EXERCISE MATERIALS →
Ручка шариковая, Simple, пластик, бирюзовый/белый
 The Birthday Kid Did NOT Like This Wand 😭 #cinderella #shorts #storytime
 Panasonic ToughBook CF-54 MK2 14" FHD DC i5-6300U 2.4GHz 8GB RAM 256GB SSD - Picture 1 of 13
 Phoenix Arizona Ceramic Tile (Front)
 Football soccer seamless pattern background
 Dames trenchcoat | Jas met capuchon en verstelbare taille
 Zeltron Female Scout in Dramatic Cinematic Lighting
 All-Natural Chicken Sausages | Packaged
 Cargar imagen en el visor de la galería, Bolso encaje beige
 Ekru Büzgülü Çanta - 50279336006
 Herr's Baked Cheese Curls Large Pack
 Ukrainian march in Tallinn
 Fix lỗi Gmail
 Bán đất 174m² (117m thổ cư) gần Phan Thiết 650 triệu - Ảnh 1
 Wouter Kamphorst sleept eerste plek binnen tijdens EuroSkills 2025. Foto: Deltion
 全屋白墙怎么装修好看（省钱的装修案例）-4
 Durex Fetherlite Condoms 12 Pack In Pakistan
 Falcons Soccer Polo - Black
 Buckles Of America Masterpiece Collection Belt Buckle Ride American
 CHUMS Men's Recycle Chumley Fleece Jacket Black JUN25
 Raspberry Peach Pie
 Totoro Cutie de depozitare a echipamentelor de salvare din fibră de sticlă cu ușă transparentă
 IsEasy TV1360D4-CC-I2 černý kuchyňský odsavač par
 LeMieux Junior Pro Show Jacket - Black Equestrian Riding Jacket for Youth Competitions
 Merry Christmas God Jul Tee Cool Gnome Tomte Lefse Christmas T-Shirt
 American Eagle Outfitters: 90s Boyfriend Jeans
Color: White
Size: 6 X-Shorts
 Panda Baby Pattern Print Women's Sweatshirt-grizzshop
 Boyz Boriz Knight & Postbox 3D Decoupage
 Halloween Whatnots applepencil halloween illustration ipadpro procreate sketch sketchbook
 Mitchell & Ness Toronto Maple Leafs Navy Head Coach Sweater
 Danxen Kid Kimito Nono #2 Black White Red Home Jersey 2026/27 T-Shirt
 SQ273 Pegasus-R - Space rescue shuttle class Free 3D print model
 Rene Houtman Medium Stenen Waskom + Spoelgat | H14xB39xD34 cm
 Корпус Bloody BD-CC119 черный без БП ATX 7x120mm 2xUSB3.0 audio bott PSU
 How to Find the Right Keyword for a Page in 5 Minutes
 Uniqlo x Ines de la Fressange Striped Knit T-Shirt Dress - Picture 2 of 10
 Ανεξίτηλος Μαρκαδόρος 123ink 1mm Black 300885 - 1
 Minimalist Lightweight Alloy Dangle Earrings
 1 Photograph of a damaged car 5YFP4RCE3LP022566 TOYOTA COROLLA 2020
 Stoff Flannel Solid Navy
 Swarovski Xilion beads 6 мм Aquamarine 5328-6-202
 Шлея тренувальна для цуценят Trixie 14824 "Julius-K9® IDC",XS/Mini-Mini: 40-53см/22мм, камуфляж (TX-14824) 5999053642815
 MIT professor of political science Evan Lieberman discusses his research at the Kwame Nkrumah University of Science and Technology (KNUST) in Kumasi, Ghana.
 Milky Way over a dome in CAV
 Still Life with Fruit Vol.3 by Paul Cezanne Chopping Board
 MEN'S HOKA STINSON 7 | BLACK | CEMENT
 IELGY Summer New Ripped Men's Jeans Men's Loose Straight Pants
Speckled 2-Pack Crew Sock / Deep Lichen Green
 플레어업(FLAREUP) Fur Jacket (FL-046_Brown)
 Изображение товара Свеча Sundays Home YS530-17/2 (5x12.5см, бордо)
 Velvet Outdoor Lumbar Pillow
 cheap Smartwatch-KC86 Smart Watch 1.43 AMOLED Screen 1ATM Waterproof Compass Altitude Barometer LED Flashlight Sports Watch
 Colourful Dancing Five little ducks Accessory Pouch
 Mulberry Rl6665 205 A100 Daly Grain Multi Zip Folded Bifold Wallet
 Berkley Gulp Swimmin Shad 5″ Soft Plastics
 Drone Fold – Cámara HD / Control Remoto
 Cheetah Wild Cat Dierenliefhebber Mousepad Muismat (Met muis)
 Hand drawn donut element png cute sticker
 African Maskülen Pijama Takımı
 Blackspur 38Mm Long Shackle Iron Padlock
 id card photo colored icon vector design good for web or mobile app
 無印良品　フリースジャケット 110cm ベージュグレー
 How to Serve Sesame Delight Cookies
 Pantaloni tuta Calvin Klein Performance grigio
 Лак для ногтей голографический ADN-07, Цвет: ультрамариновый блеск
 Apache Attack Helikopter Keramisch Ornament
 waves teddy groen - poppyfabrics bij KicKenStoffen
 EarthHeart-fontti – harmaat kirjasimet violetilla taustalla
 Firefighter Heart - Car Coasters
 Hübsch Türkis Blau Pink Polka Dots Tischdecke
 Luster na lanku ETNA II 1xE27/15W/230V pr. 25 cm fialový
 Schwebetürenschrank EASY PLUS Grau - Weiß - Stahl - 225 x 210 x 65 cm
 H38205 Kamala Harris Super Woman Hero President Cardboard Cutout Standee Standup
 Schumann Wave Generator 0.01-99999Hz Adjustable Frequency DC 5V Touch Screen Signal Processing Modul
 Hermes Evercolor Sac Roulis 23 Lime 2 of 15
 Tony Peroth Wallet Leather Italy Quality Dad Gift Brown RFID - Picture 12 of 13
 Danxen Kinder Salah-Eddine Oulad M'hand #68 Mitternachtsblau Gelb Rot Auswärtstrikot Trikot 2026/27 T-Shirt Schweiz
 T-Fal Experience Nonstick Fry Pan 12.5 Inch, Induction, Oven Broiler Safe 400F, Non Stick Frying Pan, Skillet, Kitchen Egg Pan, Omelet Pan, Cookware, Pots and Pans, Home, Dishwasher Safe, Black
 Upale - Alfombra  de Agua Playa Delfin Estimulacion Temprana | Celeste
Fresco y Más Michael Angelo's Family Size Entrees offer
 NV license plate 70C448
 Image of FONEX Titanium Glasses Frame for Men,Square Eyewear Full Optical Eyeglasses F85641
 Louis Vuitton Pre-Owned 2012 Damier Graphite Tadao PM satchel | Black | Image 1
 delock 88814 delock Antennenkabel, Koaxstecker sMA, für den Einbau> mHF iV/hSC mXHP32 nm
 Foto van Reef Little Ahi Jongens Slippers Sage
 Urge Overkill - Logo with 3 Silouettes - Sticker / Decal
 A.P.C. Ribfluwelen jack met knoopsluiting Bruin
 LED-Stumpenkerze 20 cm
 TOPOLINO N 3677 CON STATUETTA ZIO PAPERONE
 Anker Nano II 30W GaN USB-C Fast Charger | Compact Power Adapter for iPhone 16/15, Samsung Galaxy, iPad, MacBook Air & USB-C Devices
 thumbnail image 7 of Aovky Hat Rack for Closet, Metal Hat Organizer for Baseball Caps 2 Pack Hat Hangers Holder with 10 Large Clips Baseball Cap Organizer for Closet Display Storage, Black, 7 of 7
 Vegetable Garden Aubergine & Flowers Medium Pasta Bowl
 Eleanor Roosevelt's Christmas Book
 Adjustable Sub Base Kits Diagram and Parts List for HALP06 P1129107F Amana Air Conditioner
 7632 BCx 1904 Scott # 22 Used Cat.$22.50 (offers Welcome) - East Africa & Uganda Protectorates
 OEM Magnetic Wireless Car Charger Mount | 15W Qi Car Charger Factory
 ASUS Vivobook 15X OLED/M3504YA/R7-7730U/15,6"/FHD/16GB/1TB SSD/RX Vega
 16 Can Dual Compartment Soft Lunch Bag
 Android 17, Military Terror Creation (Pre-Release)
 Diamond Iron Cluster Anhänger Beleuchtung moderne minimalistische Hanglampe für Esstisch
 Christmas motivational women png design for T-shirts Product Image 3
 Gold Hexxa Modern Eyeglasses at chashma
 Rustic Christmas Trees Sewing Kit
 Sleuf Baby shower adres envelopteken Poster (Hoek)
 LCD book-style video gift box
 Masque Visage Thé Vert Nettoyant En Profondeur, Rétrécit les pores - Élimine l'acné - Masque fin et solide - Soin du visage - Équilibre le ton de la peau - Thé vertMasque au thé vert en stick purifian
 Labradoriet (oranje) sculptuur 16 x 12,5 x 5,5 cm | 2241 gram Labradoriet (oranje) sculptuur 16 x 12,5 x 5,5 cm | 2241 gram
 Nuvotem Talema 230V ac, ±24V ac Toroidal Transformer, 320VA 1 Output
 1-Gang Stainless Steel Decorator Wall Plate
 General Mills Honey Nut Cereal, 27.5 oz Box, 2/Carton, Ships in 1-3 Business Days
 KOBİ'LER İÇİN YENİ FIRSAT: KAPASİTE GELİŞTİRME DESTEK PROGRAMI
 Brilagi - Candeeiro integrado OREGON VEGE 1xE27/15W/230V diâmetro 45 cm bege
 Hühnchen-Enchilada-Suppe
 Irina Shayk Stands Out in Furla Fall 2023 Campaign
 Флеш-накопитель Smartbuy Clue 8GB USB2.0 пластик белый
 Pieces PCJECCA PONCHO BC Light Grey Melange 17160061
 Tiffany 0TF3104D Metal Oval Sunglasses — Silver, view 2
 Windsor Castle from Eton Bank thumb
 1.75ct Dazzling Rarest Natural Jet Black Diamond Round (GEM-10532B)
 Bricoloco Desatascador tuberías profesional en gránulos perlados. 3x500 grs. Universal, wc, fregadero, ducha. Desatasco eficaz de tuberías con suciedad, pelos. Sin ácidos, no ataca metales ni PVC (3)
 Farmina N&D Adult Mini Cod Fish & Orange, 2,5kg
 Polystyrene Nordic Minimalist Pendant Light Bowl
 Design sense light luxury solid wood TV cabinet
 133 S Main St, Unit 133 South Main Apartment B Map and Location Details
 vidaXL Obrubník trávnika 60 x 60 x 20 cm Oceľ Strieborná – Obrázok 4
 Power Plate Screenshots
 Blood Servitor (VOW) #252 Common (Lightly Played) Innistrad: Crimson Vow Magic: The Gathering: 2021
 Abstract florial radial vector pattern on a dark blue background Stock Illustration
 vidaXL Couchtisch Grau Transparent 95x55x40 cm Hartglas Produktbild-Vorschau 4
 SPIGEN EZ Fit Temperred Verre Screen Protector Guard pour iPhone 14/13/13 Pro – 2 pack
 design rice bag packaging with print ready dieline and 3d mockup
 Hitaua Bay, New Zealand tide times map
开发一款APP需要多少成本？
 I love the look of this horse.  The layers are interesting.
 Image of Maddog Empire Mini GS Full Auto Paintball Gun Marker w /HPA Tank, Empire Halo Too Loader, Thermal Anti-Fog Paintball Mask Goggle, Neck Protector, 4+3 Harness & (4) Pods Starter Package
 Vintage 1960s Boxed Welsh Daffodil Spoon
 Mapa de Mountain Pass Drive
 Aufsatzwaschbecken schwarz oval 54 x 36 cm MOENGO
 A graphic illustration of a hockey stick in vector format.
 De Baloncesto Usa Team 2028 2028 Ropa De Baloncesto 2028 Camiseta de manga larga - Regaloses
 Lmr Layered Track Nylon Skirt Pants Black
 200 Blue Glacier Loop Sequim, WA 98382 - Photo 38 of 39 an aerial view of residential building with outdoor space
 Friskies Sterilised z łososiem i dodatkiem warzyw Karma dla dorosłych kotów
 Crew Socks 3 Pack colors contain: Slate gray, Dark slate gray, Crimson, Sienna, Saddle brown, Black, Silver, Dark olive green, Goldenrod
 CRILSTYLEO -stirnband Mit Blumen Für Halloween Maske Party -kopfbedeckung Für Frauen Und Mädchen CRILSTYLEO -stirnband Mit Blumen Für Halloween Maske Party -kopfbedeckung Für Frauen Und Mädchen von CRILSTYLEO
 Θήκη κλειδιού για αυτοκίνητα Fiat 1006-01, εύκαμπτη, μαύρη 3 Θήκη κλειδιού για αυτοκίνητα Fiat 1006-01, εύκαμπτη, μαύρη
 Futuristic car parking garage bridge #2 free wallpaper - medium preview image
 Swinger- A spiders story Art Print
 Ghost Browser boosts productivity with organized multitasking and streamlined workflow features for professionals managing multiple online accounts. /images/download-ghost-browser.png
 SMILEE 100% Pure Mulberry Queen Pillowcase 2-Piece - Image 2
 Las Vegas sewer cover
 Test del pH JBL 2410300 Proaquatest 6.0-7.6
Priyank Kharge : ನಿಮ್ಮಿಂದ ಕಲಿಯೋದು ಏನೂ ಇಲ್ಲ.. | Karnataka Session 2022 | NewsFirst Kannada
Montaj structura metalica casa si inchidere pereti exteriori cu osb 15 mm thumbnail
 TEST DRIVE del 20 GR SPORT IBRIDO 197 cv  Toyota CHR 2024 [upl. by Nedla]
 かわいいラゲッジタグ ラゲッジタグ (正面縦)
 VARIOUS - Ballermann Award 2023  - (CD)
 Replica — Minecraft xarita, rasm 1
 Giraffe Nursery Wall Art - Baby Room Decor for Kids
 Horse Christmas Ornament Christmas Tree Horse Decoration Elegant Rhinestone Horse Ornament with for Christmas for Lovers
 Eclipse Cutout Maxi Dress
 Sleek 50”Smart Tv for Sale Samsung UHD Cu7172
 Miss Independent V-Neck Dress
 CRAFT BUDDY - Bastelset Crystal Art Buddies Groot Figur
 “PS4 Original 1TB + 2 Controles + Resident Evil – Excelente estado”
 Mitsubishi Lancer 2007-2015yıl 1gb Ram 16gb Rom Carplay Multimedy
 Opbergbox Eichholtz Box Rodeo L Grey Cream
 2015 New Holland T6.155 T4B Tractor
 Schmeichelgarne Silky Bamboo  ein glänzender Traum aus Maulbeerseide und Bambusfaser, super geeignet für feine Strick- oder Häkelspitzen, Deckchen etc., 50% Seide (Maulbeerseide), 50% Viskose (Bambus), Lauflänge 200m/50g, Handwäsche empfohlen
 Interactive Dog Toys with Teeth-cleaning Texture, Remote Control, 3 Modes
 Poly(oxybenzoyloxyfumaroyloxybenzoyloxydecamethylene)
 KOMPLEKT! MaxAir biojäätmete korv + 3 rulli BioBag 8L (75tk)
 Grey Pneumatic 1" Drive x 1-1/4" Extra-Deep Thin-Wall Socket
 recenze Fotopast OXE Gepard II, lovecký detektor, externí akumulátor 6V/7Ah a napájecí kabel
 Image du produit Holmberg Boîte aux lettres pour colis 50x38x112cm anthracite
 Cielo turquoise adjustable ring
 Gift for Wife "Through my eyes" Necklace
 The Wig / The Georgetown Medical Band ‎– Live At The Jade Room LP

PROBLEM TO SOLVE →
Within the listing, count the lines that contain the word "Mulberry", and give the count by itself.

ANSWER BOX →
2